En la casita de la Agrícola Oriental donde vive mi tía Catalina hay una estufa Mabe que compró por quinientos pesos hace cincuenta y cinco años. Las perillas y los quemadores funcionan a la perfección; no tiene que usar cerillos, dice contenta, porque los pilotos siempre han estado en excelentes condiciones. Cuando dejó Guanajuato para mudarse a la Ciudad de México, hace más de setenta años, su hermana le regaló una cama de latón, anteriormente propiedad de su madre, estilo Emperatriz Carlota. En esa cama durmió mi padre cuando estudiaba en el Poli y, ahora, la enfermera que cuida de mi tía, de 93 años. Ella usa una más nueva, de 1980, fabricada en madera de mezquite por un primo de Lagos de Moreno. La estufa y las camas de mi tía, los bolígrafos y la regla de cálculo de mi padre, todo es de una calidad hoy en día excepcional, conservados con cariño y cuidado, así como la “gente de rancho”, con la que comparan sus objetos. Pese a todo, la durabilidad en las mercancías —y en la gente— no es una cualidad ajena al debate público, ha tenido que ser promovida, la tecnología ha tenido que ser convencida y mediada.

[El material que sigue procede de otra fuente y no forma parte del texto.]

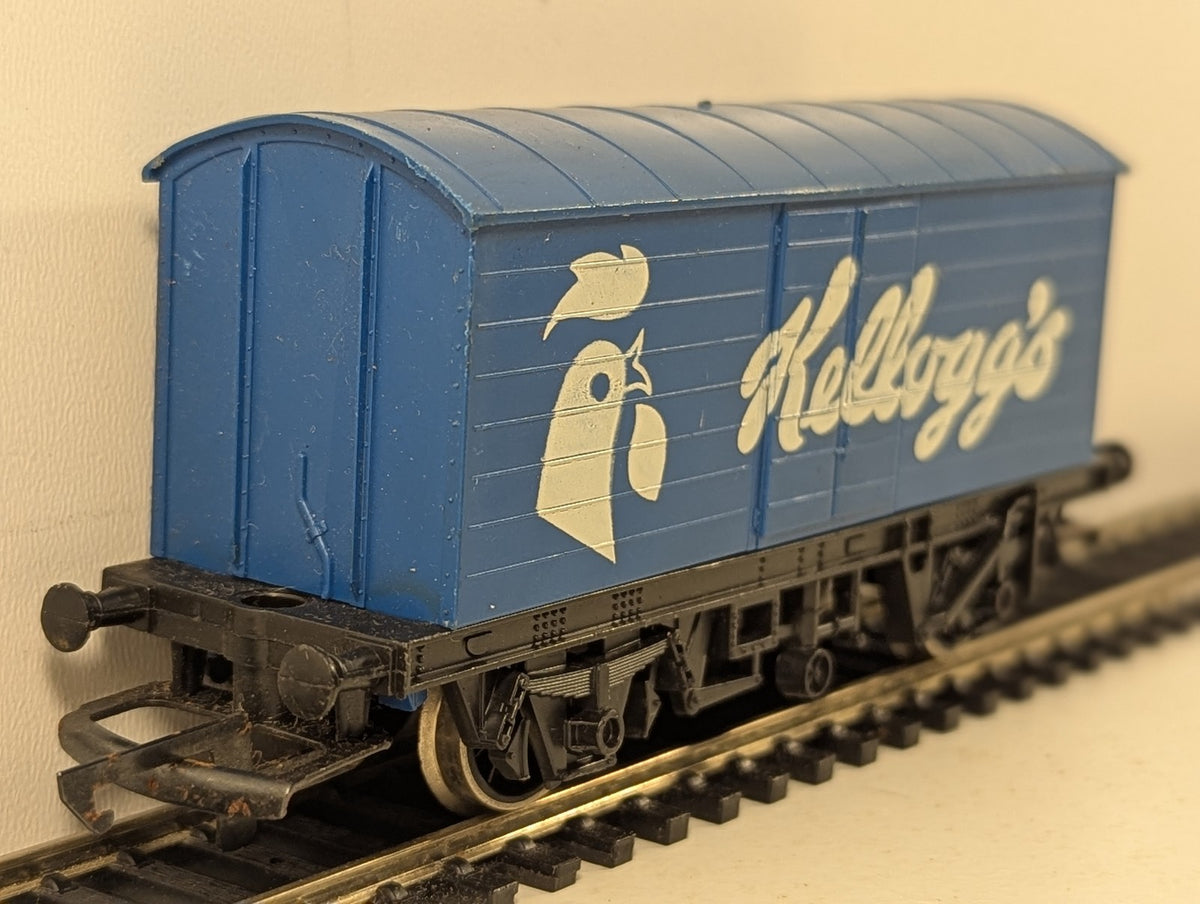Hornby OO Gauge Kellogg's Box Van Goods Wagon Kellogg's Blue R122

“La nuestra es una crisis estúpida”, escribía Bernard London en 1932 sobre la Gran Depresión, calificando la paradoja de una economía capaz de producir abundancia mientras millones padecen escasez. “Fábricas, almacenes y campos se encuentran intactos y listos para producir en cantidades ilimitadas, pero la motivación de seguir adelante se ha paralizado por el declive del poder de compra”. La solución que London proponía era decretar una fecha de caducidad a los productos, a la maquinaria y hasta a los edificios, para que, después de un tiempo estipulado por ingenieros expertos, fueran legalmente destruidos, generando así nueva demanda y reactivando la economía. No era deseable que un automóvil o una fábrica duraran tanto tiempo, porque esto provocaba que el valor del trabajo sufriera una depreciación respecto a sus productos, pues el primero se pagaba y gastaba en una semana, mientras que los segundos permanecían por décadas generando rendimientos. Ya que “los muebles, los vestidos y otros productos básicos deberían tener un rango de vida, así como lo tienen los seres humanos”, la destrucción revertiría la injusta distribución de la producción, causa de la peor crisis económica en la historia.

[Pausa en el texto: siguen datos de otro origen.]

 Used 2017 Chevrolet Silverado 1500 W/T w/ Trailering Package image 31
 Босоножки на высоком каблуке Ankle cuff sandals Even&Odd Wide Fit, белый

Aunque la producción como programa social se diluyó en el New Deal, la idea de programar el deshecho fue adoptada por diversas industrias, provocando olas de manifiestos. Durante el siglo XX, diseñadores como Loos, Aicher y Papanek se pronunciaron a favor de la calidad y la durabilidad y en contra de la efimeridad, que dañaba los principios de la belleza y el arte. Ignorando las críticas, que London habría calificado de elitismo antieconómico, hoy se generan enormes inventarios, incorporando la intuición de que romperse y pasar de moda conlleva beneficios. El curioso texto de Bernard London, “Terminando la Depresión a través de la Obsolescencia Programada”, el eco que tuvo en los programas de empleo público y la polémica que recibiría su influencia en la industria, son un ejemplo de “maleabilidad tecnológica”.
La innovación no es neutral: sigue el camino que la sociedad acepta. Una misma técnica o idea puede generar o recortar empleos, eficientar la distribución de la producción o concentrarla. El destino de la tecnología es susceptible de ser dirigido mediante las agendas políticas, las relaciones empresariales y la diversidad de visiones respecto a su propósito y objetivo. De unos años para acá, el lema de la UNAM ha querido ser modificado por sonar anticuado, pero más nos vale no moverle al del IPN.